"""

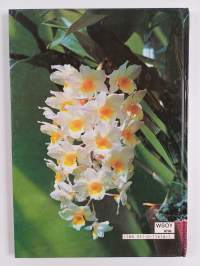 Kodin kukat : Orkideat 1-2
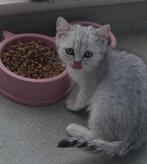 3 Lieve Britse Korthaar Kittens  ,  LAATSTE OVER, Dieren en Toebehoren, Katten en Kittens | Raskatten | Korthaar, Meerdere dieren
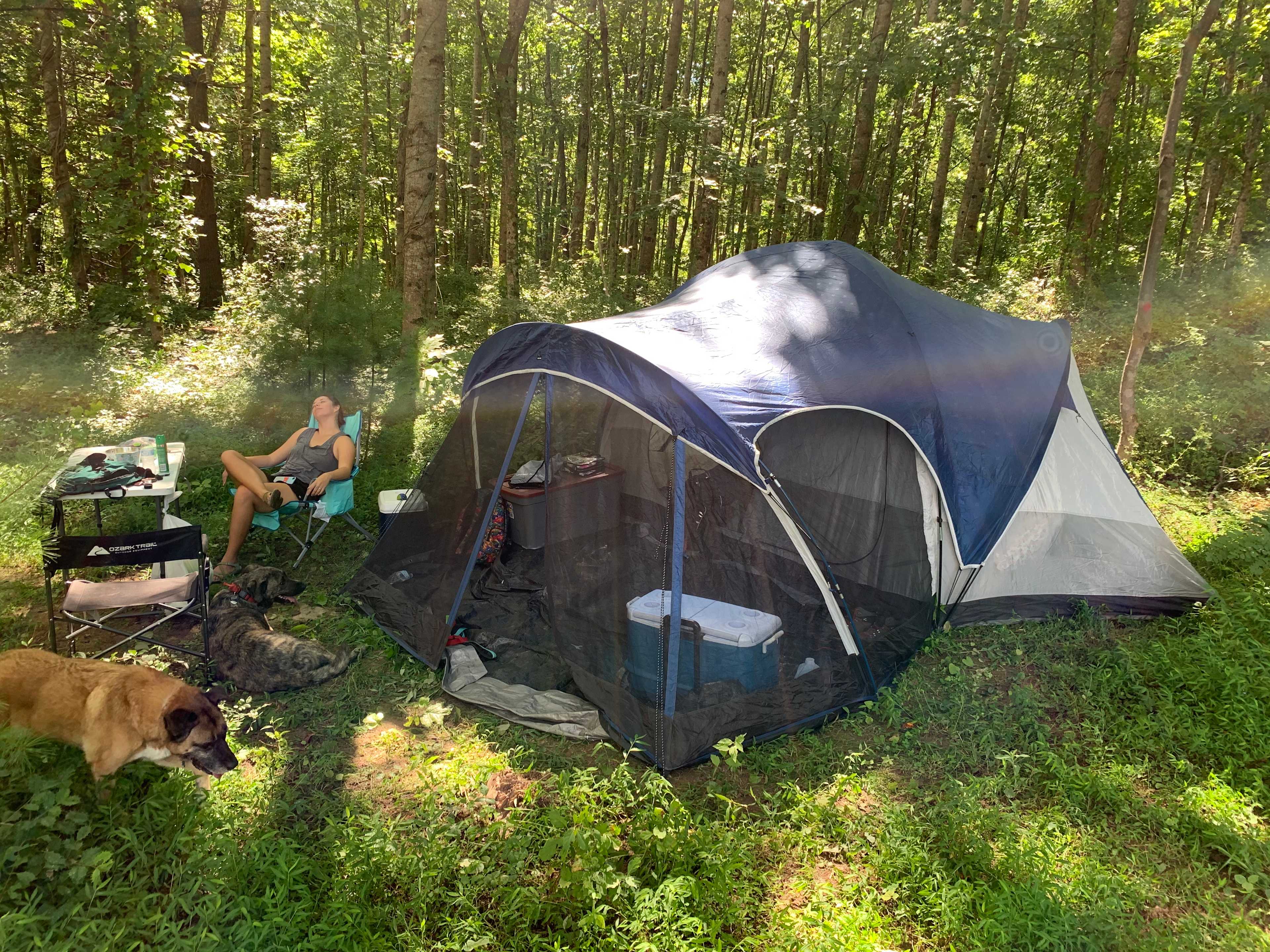 Paradise Ridge Permaculture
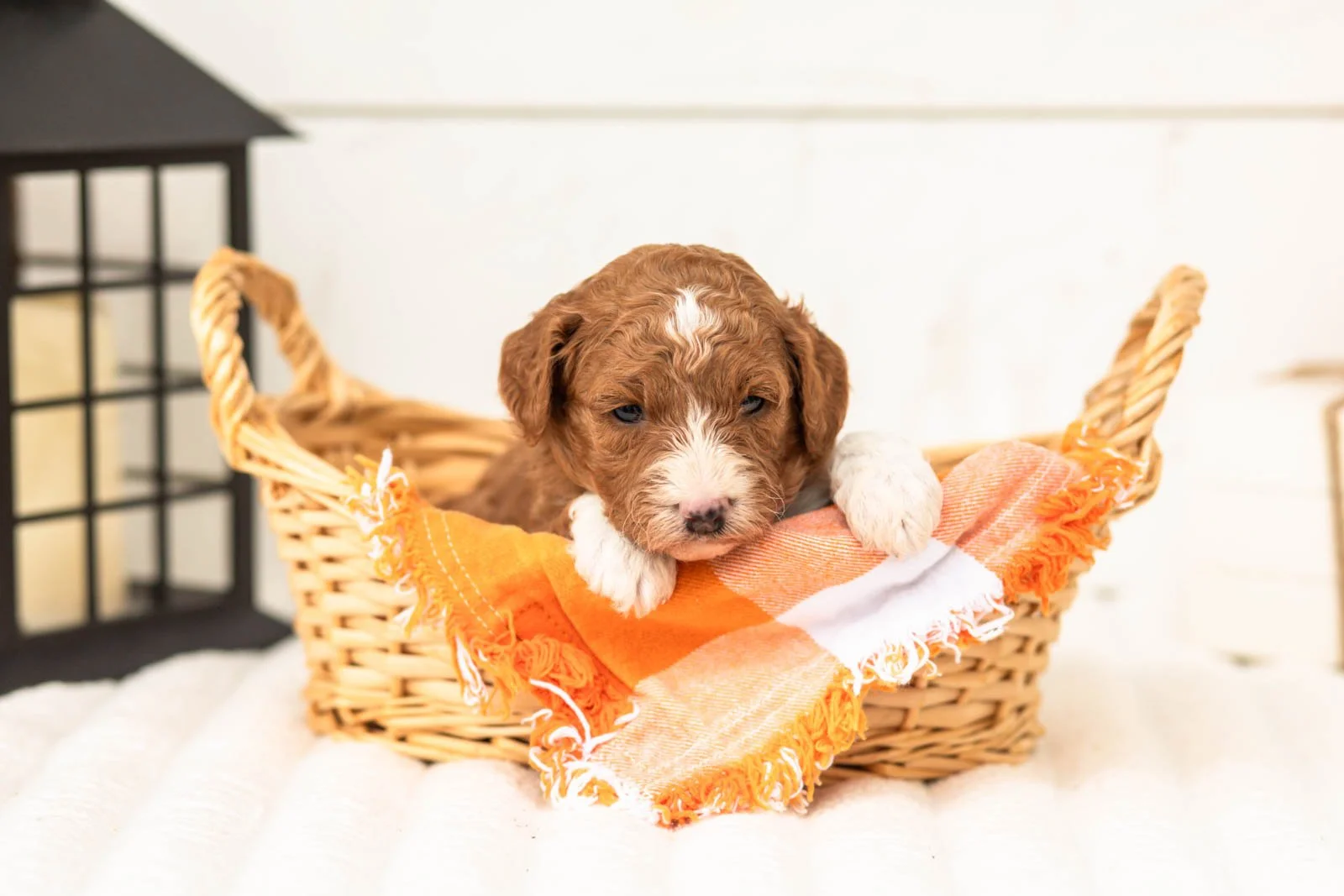 Sophia goldendoodle for sale 1.jpg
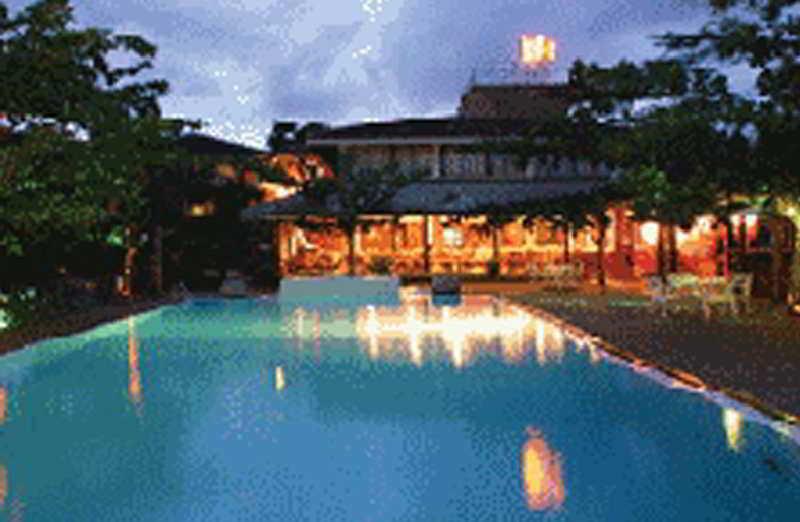Resort Tree Of Life Nature 5*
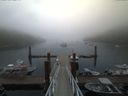 ./images/calvert/dock/20170810/dock20170810_064501.jpg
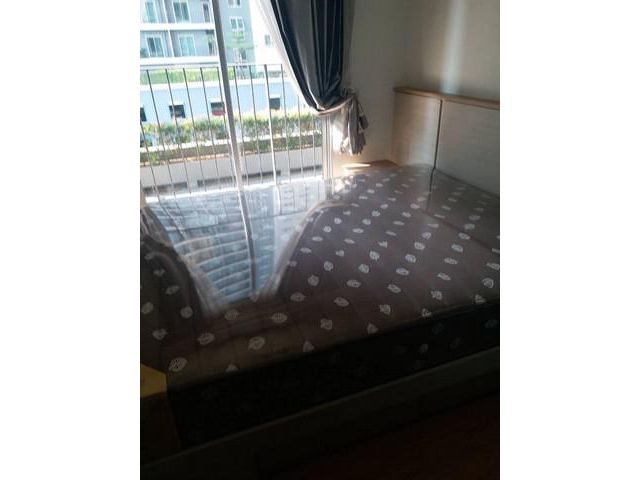 chapter one modern dutch เฟอร์ครบ วิวสะพานภูมิพล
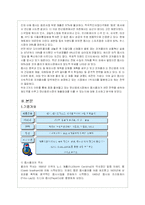 펩시콜라의 마케팅 전략 분석-3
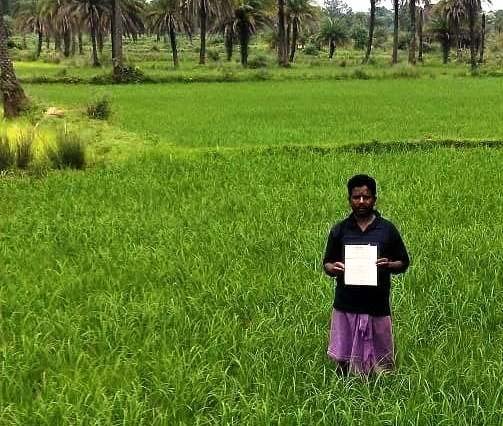 नारायणपुर जिले में 5737 हितग्राहियों को मिला वनाधिकार पट्टा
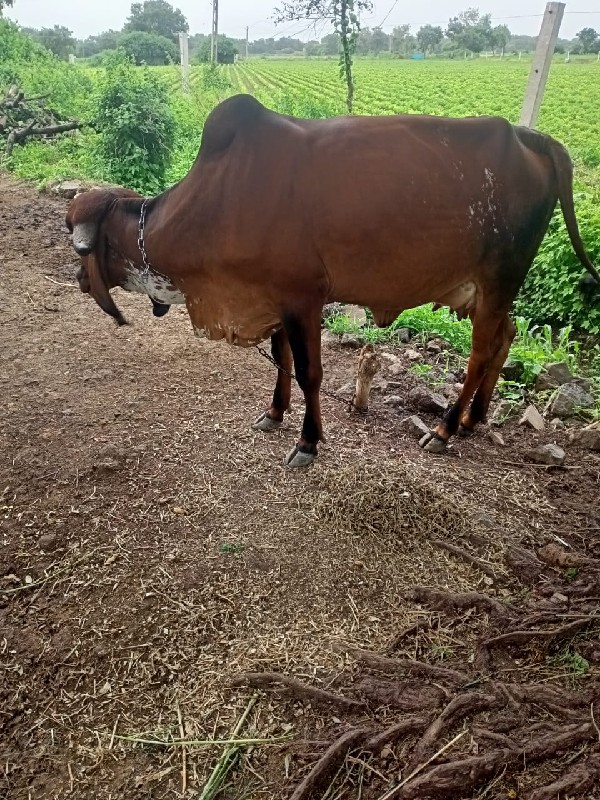 કાબરી વોડકી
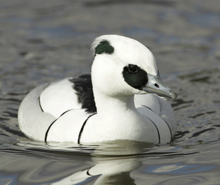 Smew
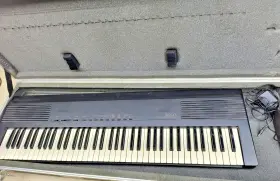 Dp-80 Korg Digital Piano With Heavy Duty Case Decent Shape Tested Does Work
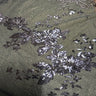 Polyester Mesh Fabric with Spread Flower Sequin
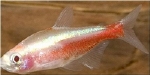 PARACHEIRODON INNESI - NEONTETRA ORANGE DIAMANT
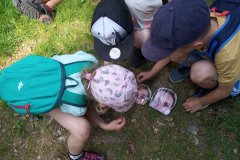 IMG_20190613_163104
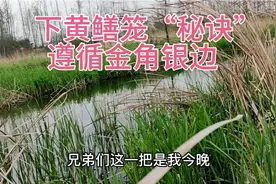气温上升是装黄鳝必要条件，下黄鳝笼“秘诀”遵循金角银边视频封面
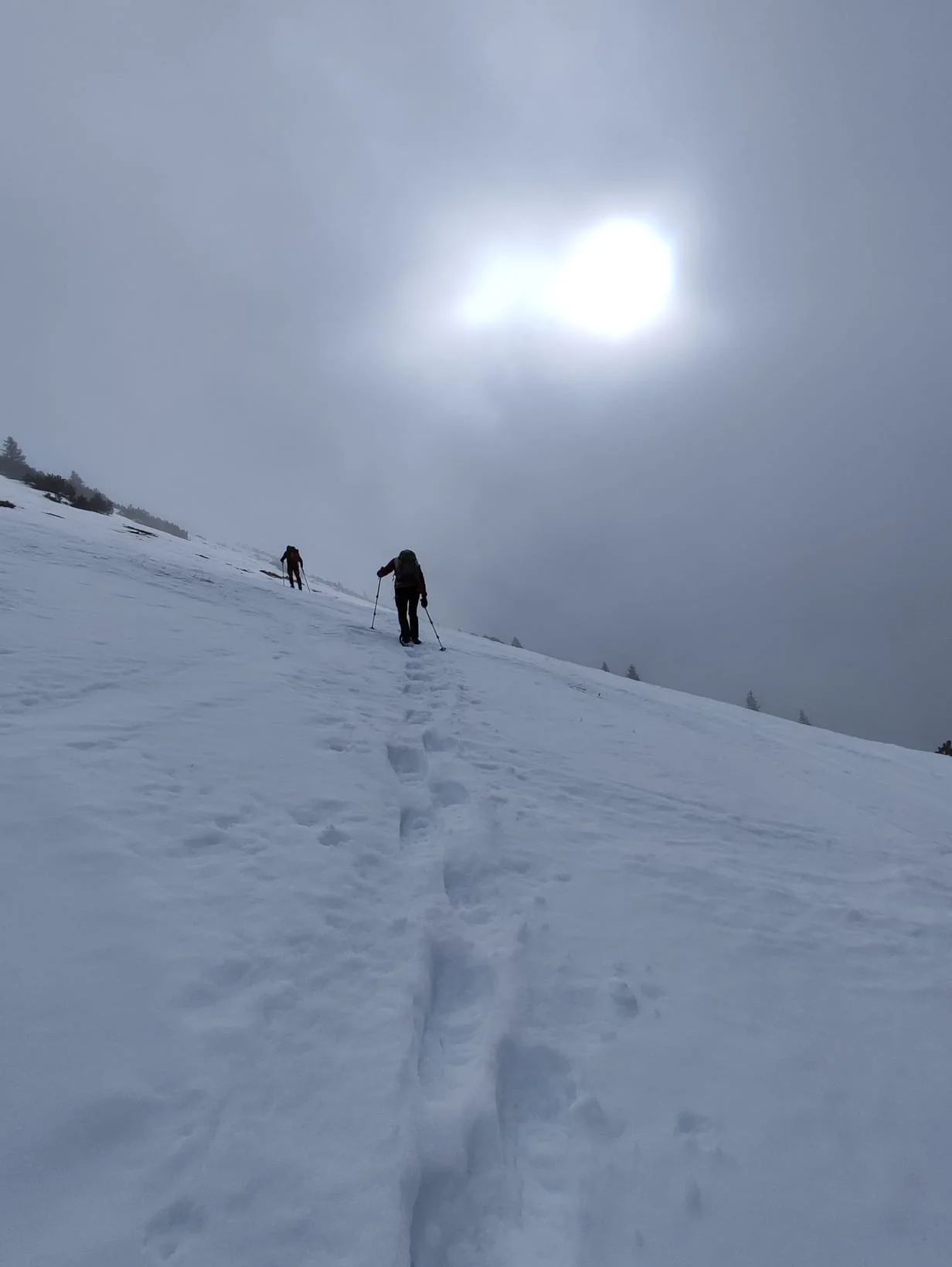 Schneeschuhtour auf den Schafreuter | © Witzelsperger Karin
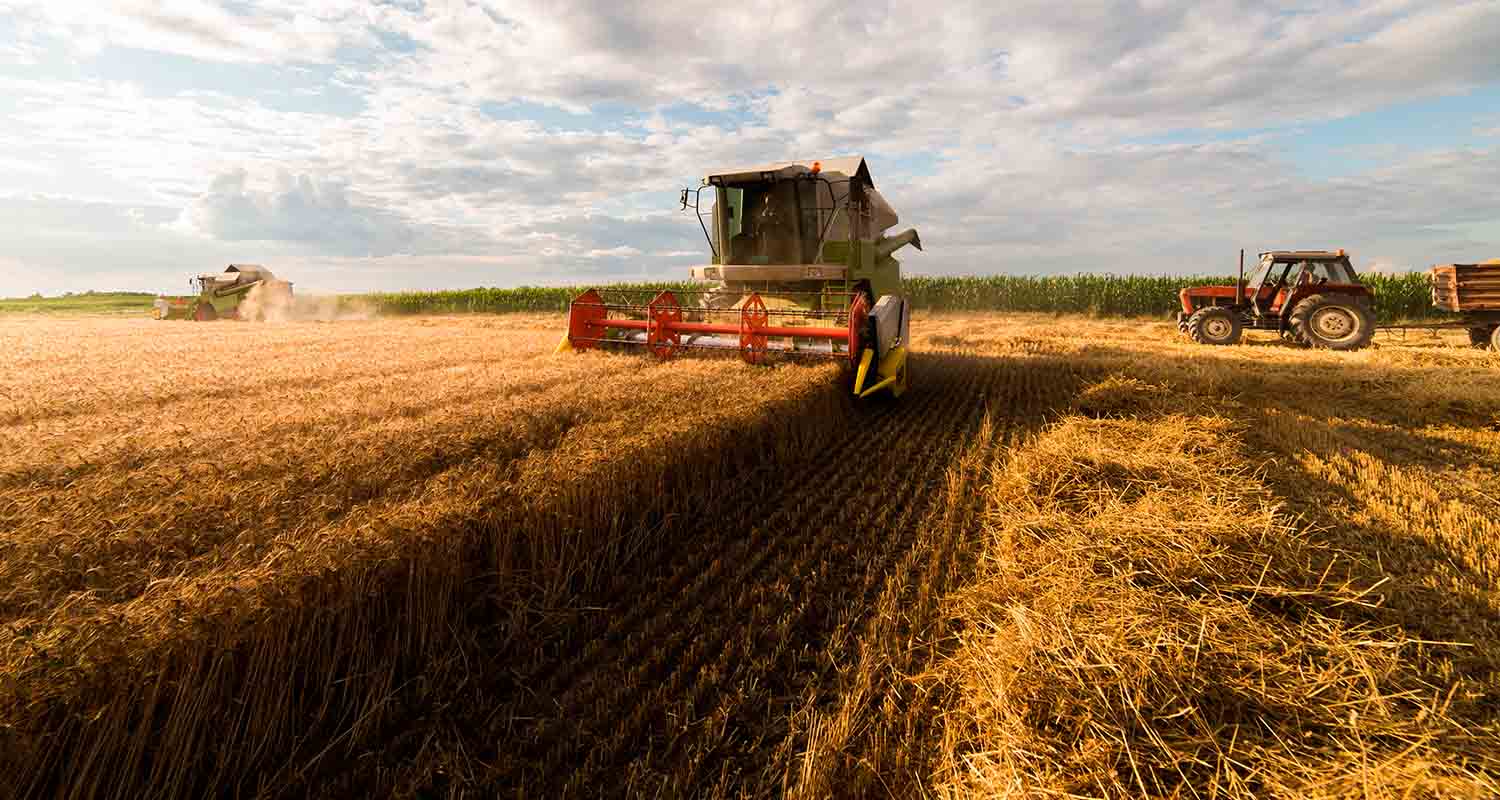 A combine harvester working in the field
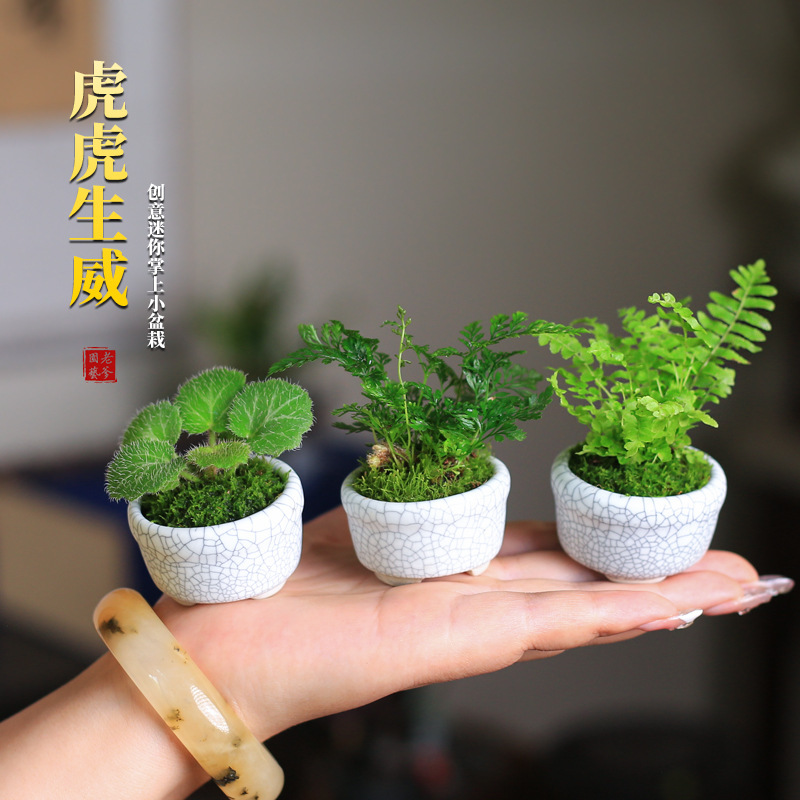 Mini Potted Plants, Desktop Small Plants, Thumb-Sized Green Plants, Miniature Bonsai, Indoor Office Decorations, Moss Micro-Landscapes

"""

» Problem description:
Pictures are to be left out. Write out only the lines above starting at the one with "chapter one modern" and ending at the one with "Polyester Mesh Fabric", both lines included, exactly.

» Reply to the task:
 chapter one modern dutch เฟอร์ครบ วิวสะพานภูมิพล
 펩시콜라의 마케팅 전략 분석-3
 नारायणपुर जिले में 5737 हितग्राहियों को मिला वनाधिकार पट्टा
 કાબરી વોડકી
 Smew
 Dp-80 Korg Digital Piano With Heavy Duty Case Decent Shape Tested Does Work
 Polyester Mesh Fabric with Spread Flower Sequin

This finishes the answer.